-- Action item --
Lines from the one containing "VIVANCE Pidžaama must / valge" through the last line of the data are to be repeated word for word, both ends included.
[Dataset content — start]
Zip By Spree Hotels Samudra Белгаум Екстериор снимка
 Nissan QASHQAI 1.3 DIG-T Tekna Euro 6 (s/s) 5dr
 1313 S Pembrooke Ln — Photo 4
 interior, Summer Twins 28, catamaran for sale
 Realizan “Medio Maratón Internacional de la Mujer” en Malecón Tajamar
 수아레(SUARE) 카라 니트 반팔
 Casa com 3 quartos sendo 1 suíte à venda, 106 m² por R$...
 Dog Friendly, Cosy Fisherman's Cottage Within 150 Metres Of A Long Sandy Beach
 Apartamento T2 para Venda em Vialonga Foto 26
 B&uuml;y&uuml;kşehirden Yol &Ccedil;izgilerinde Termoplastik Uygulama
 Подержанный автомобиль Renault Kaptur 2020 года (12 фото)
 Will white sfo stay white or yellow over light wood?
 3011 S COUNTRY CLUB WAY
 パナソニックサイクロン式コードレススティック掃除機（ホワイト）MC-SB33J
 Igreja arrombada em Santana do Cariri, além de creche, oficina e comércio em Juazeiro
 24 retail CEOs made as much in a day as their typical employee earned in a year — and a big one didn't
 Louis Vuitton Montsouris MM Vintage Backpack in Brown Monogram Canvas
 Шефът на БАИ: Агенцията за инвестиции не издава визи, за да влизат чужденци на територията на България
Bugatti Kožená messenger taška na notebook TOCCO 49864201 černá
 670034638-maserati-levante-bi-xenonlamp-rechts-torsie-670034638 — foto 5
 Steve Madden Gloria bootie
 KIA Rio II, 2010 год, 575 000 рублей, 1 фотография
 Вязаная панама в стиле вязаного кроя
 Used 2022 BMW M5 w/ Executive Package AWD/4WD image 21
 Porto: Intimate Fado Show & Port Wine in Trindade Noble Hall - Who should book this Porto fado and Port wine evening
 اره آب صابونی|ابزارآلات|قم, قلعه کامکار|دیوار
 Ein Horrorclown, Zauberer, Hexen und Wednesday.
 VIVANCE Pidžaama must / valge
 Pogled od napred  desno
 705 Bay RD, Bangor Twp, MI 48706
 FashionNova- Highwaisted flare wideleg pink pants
[Dataset content — finish]
-- Result of this task --
 VIVANCE Pidžaama must / valge
 Pogled od napred  desno
 705 Bay RD, Bangor Twp, MI 48706
 FashionNova- Highwaisted flare wideleg pink pants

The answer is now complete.